Self-test of the AFS and peripherical systems

• Self-test of the AFS and peripherical systems:

- Most of the systems or units have their own built-in self-test,

- For the AFS they consist in power-up and AFS tests,

- The purpose of the self-tests is to check the integrity of the hardware within each computer and the integrity of most of the LRUs without BITE but in direct connection with the computer (sensors, actuators, switches...),

- These tests do not rely on the control laws and logics of the avionics program but are solely turned towards the components integrity.

For the AFS when power up and AFS test are successful it is considered that all AFS safety devices are operative and that nearly all components within the AFS are healthy.

1.3 IN FLIGHT HELP

Performance and Failure Assessment Monitor (PAFAM) System uses a digital computer and a colour CRT display, its purpose being to operate in conjunction with an automatic flight guidance system (AFGS) to provide a flight crew with a prediction of the quality of an automatic approach and landing manoeuvre being carried out in low visibility. It monitors aircraft attitude, heading, and performance of the AFGS and makes a continual assessment of whether or not a successful automatic landing will result. In the event that the progress of the manoeuvre is unsuccessful, a `TAKEOVER' command is displayed; if the aircraft is being flown manually with commands from the flight director system, and the approach path is unacceptable, the legend NO TRACK is displayed.

The computer accepts electrical input signals from those sensors and sub-systems necessary for proper operation of the AFGS and auto throttle/speed control system. Electrical power is applied when the AFGS LAND ARM mode or flight director ILS modes of operation are selected, and the system is automatically switched to its operational condition when the ILS localizer and glide slope are being tracked.

The signal inputs to the computer are a.c. and d.c. analog and are multiplexed into an A/D converter which is under programmed memory control by one of two control processors in the computer; this processor performs most of the landing performance and prediction computations.
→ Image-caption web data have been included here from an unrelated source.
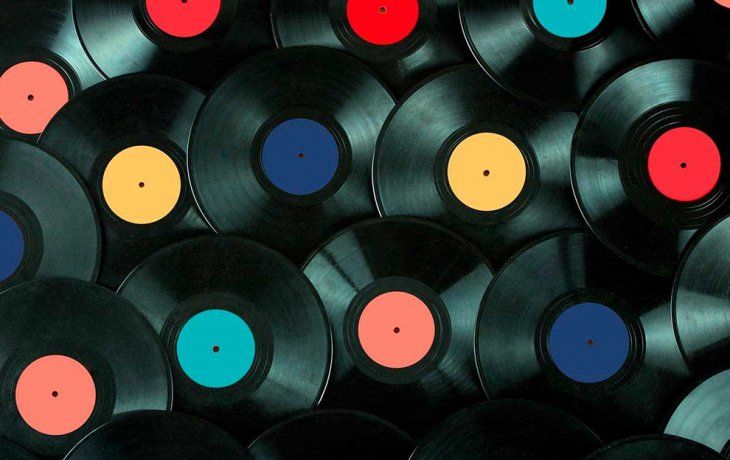 ámbito.com | MUSICA.jpg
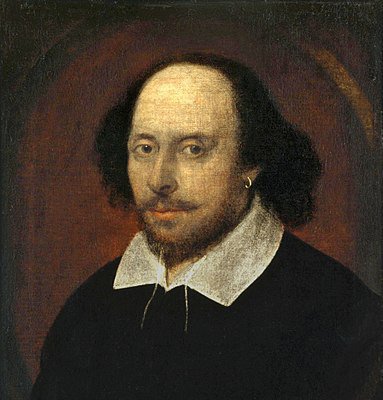 SelentoBooks's tweet photo. ¿Quién ha sido más importante para la literatura?
🔁Cervantes
❤Shakespeare https://t.co/yg80Cgn8Re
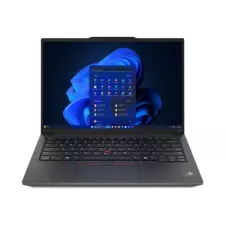 obrázek produktu Lenovo ThinkPad E14 Gen 6 21M3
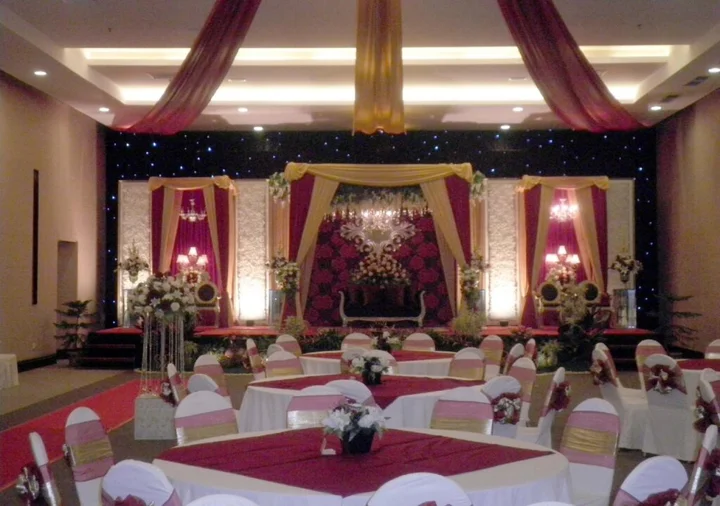 Баликпапан: Graha Bintang Guest House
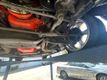 1960 Chevrolet Impala Bubble Top - 22410908 - 51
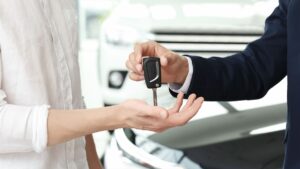 İSTANBUL (AA) – Fuzul, yılın 9 ayında farklı gelir ve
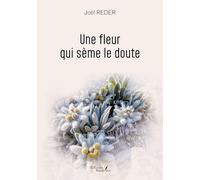 Une fleur qui sème le doute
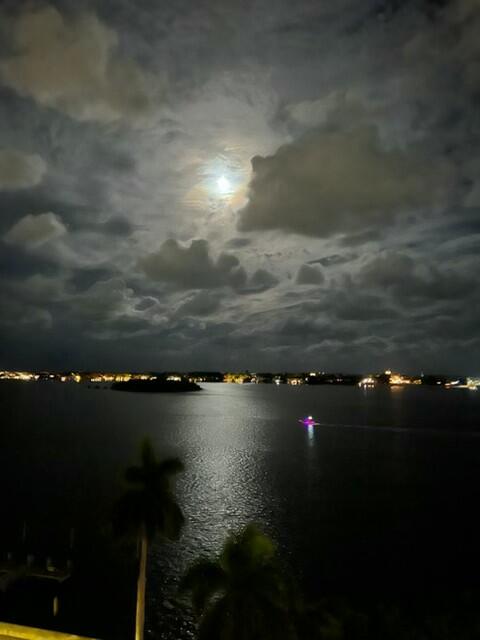 MLS #R11141847 image #15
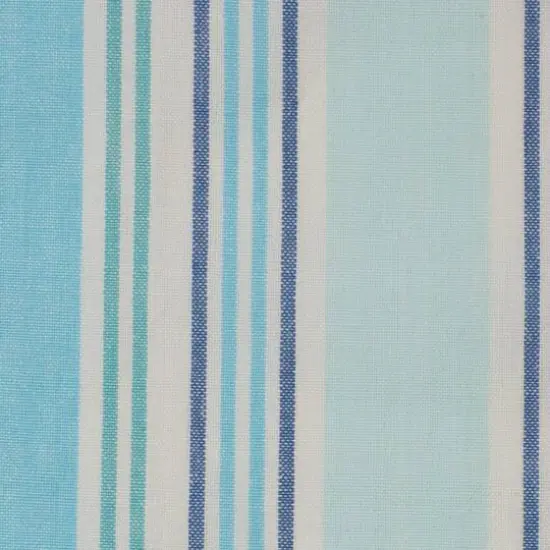 DII&reg; Beach Comber Dishtowel Set {6}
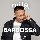 MITA - Music In The Air Radioshow 400-80 with BARBOSSA rated a 3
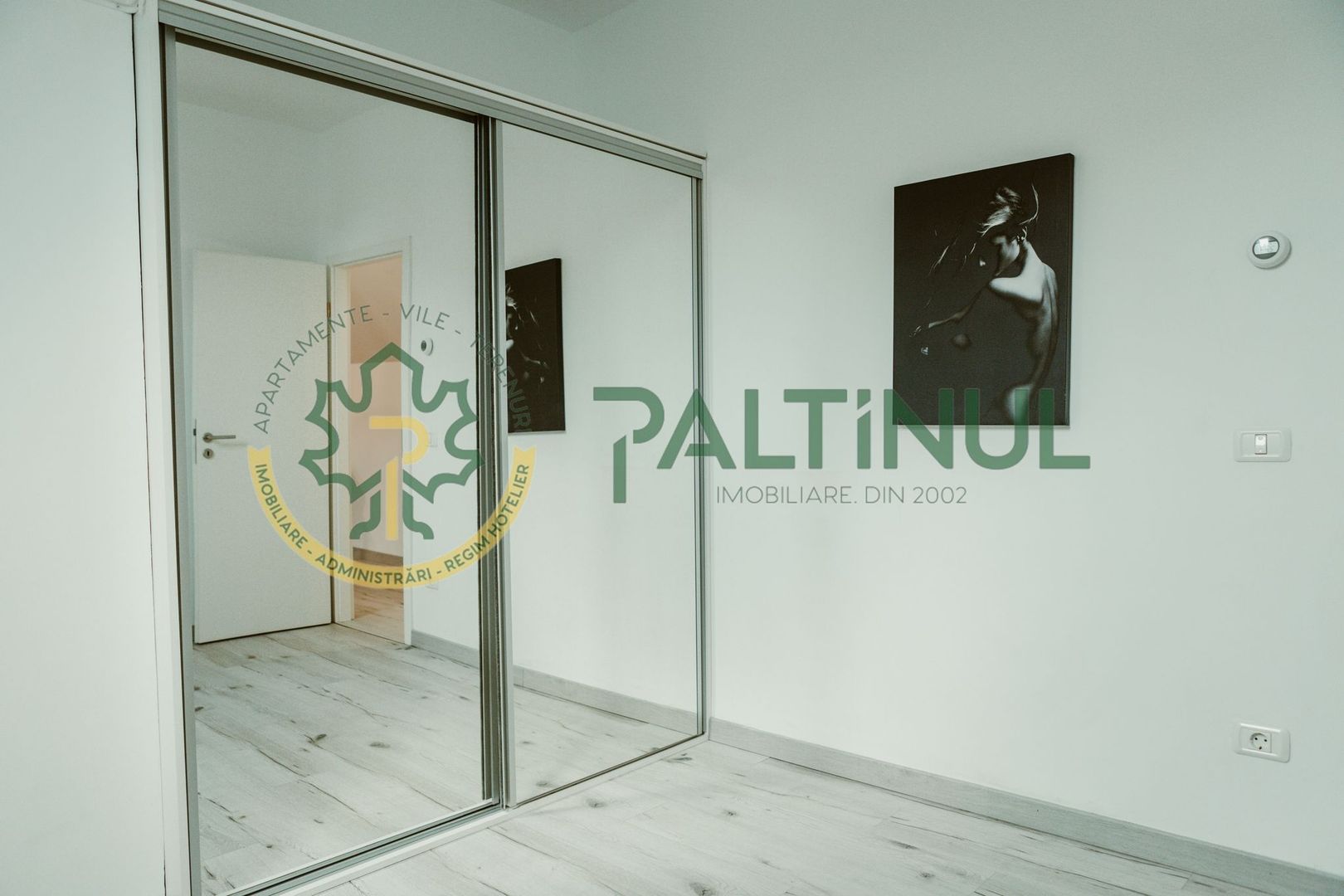 Apartament 3 camere în vilă, renovat 2023 – lângă Parcul Sub Arini,Sibiu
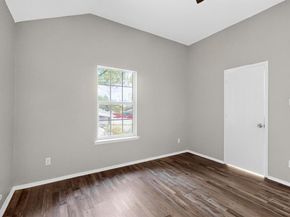 3205  Bent Oak Drive , Mesquite Texas 75181
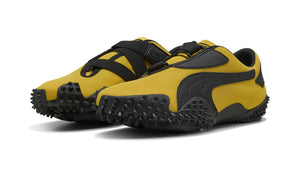 靴 PUMA:MOSTRO OG PRIME PUMA MOSTRO OG PRIME｜BILLY'S ENT 公式通販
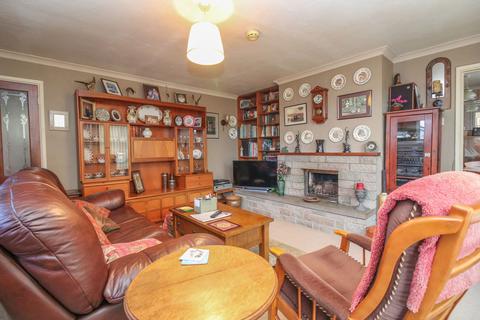 3 bedroom detached house for sale, Stowey Park, Yatton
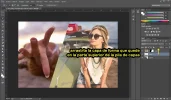 montaje_fotografico_photoshop_008_b.webp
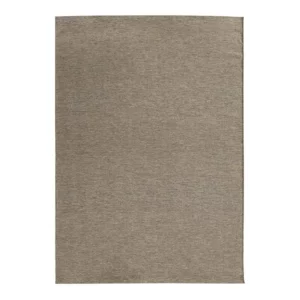 Hertex Haus Shoreline Rug In Boardwalk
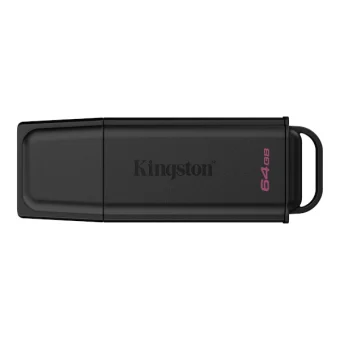 Kingston DT Exodia G2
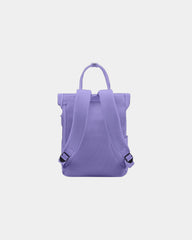 Gerecycled rPET rugzak 17L om te personaliseren - 24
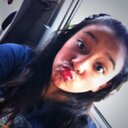 Stephanie Styles - @stephie_malik - Twitter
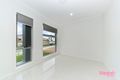 Property photo of 78 Syncarpia Street Marsden Park NSW 2765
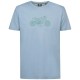 тениска,мъжки,тениски,дамски,тениски,petrol,industries,m,1060,tsr122,short,sleeve,t,shirt,blue,(marble,blue)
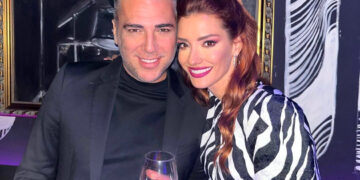 Željko Joksimović u svom stilu: Jovanu sam odabrao jer je slušala moju muziku!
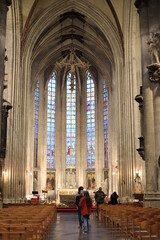 Brussels, Bruxelles, Brussel, officially the Brussels-Capital Region is a region of Belgium comprising 19 municipalities, including the City of Brussels, which is the capital of Belgium. 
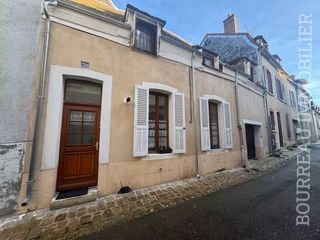  Immeuble � vendre 7 pi�ces 98 m�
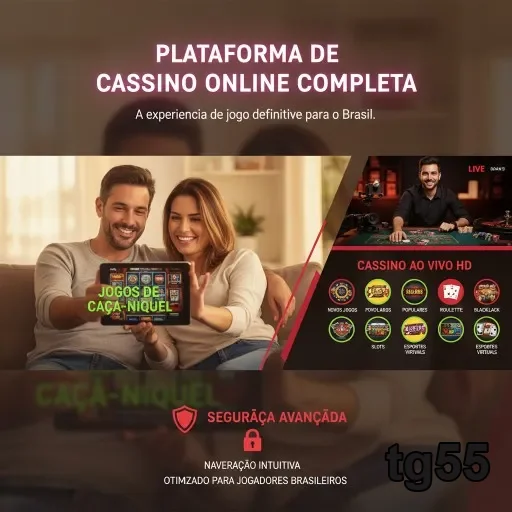 tg55: Apostas Esportivas Aproveite Apostas Esportivas com Odds Altas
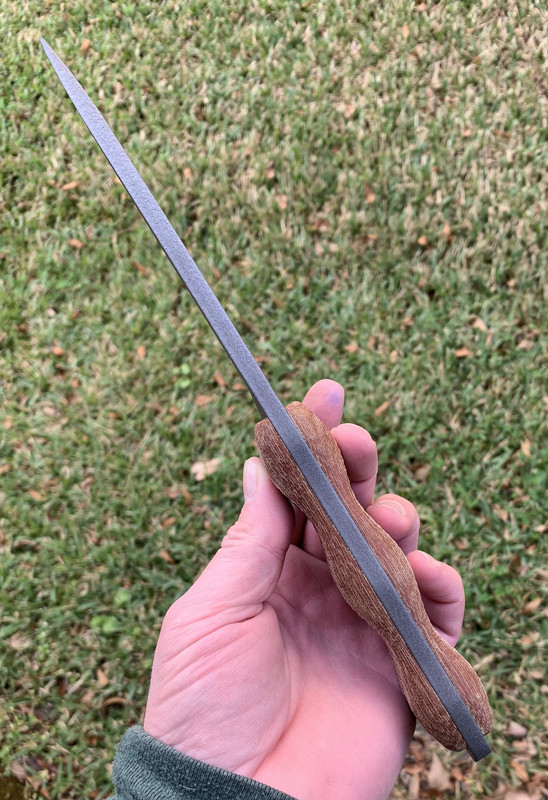 4876B18A-FF3E-4569-8411-968F609E5B7F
Discrete signal inputs are multiplexed directly into the second processor, which provides display drive commands, landing system failure assessment, and controls signals for discrete outputs. Interconnection between the two processors is through two 18-bit storage registers.

Analog signals from the computer are applied to the display electronics unit, and they provide commands for blanking out a portion of two raster-scanned CRT display units (one for each pilot) as well as commands which determine the location of desired characters in the display.